# Critical points of analytic function (exercise from Gamelin)

The following is an exercise from Gamelin VIII.5.4

Suppose that $f(z)$ is analytic at $z_0$. Show that if the set of $z$ such that $\text{Re } f(z) = \text{Re } f(z_0)$ consists of just one curve passing through $z_0$, then $f'(z_0) \ne 0$. Show also that if the set of $z$ such that $|f(z)| = |f(z_0)|$ consists of just one curve passing through $z_0$, then $f'(z_0) \ne 0$.

I would like to apply the following Theorem:

let $f(z)$ be analytic at $z_0$. Suppose $z_0$ is a critical point of order $m-1$ for $f(z)$ with critical value $f(z_0) = w_0$. Let $\rho > 0$ satisfy $f(z) \ne w_0$ for $0 < |z-z_0| \le \rho$ and $\delta > 0$ satisfy $|f(z) - w_0| \ge \delta$ for $|z - z_0| = \rho$. Then for each $w$ such that $0 < |w - w_0| < \delta$, the equation $f(z) = w$ has exactly $m$ distinct solutions $z_1 (w) , \dots, z_m(w)$ in the disk of radius $\rho$ centered at $z_0$, which can be chosen to be analytic on a slit disk.

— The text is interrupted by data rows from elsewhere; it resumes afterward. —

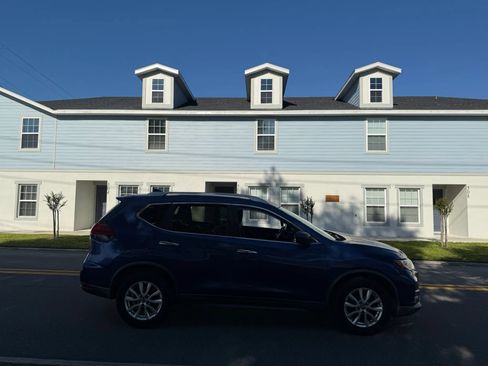 Used 2017 Nissan Rogue SV FWD image 4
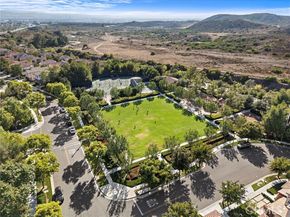 42 Castellana, Lake Forest (el Toro) CA 92630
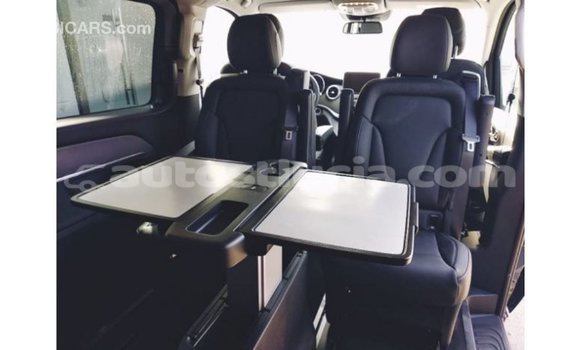 Buy Import Mercedes-Benz Viano Black Car in Import - Dubai in Anse-la-Raye Buy Import Mercedes-Benz Viano Black Car in Import - Dubai in Anse-la-Raye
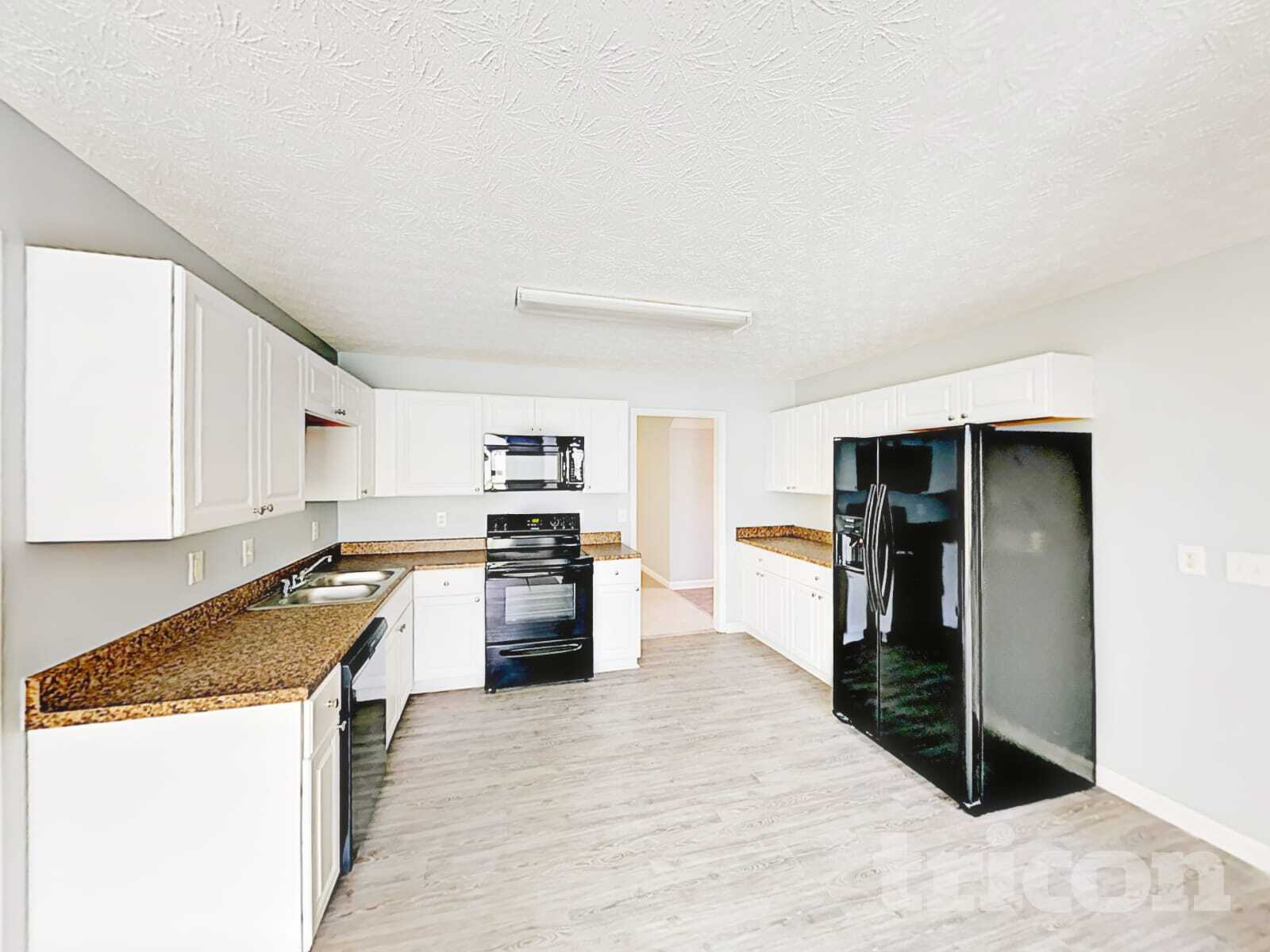 Building Photo - 200 Shenandoah Dr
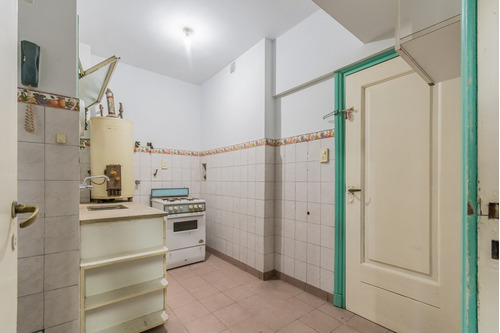 Imagen 21 de 30 de Venta Departamento Muy Luminoso De 4 Ambientes Con Dependencia En Balvanera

1. Suppose $z_0$ is a critical point of order $m-1$. I wish to show $m = 1$. The theorem says that for each value $w \ne f(z_0)$ in a neighborhood of $f(z_0)$, there are $m$ solutions to $f(z) = w$, where $z\ne z_0$ is in a neighborhood of $z_0$. I want to say at this point that taking the points $z$ closer to $z_0$, these will correspond to $m$ curves passing through $z_0$ and so by assumption, $m = 1$. Is this the right approach?

2. I am hesitant on the above approach since nowhere did I use the fact about it being true for real part only. So it seems, if the above works, then this follows by almost the exact same argument.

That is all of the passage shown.